CENTRALNESIA – Wakil Kementerian Dalam Negeri, Bima Arya Sugiarto, menyatakan bahwa putusan Mahkamah Konstitusi (MK) yang mengatur sanksi pidana bagi aparatur sipil negara (ASN), pejabat daerah, dan aparat TNI/Polri yang melanggar netralitas dalam pemilu menjadi bahan evaluasi sistem kepemiluan di Indonesia.
“Ini menjadi masukan untuk mengevaluasi sistem kepemiluan,” ungkap Bima usai menghadiri rapat bersama Komisi II DPR RI di Jakarta, Senin (18/11).
Urgensi Evaluasi Sistem Pemilu dan Pilkada
Bima menegaskan pentingnya evaluasi sistem pemilu dan pilkada untuk mencegah ketidaknetralan aparat negara. Menurutnya, pelanggaran netralitas sering kali berkaitan dengan kelemahan sistem.
“Ke depan, salah satu urgensi dari evaluasi ini adalah membangun sistem yang mencegah ketidaknetralan. Semua berkaitan dengan sistem seperti apa yang diterapkan,” katanya.
Implementasi Putusan MK
Putusan MK yang bersifat final dan mengikat (final and binding) akan segera diterapkan oleh Kemendagri. Dalam putusan tersebut, ASN, pejabat daerah, TNI/Polri yang tidak netral dalam pilkada dapat dikenakan sanksi pidana hingga penjara dan denda maksimal Rp6 juta sesuai Pasal 188 UU Nomor 1 Tahun 2015.
Namun, Bima menekankan bahwa penguatan netralitas aparat negara tidak cukup hanya melalui sanksi.

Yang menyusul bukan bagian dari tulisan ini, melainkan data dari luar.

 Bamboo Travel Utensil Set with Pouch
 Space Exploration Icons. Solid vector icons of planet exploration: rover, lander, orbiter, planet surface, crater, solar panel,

“Netralitas tidak hanya bisa dicapai lewat pemberian sanksi, tetapi juga melalui bangunan sistem yang lebih baik,” jelasnya.
Isi Putusan MK
Pada 14 November 2024, MK mengabulkan gugatan mengenai sanksi pelanggaran netralitas ASN, pejabat daerah, dan aparat negara dalam pilkada. Revisi Pasal 188 UU Nomor 1 Tahun 2015 kini mencakup pejabat daerah dan aparat TNI/Polri, yang sebelumnya tidak diatur secara spesifik dalam pasal tersebut.
Langkah Kemendagri
Kemendagri akan memprioritaskan pembenahan sistem pemilu agar netralitas aparat negara dapat dijamin. Langkah ini akan melibatkan penyusunan kebijakan berbasis pencegahan pelanggaran dan edukasi terkait prinsip netralitas.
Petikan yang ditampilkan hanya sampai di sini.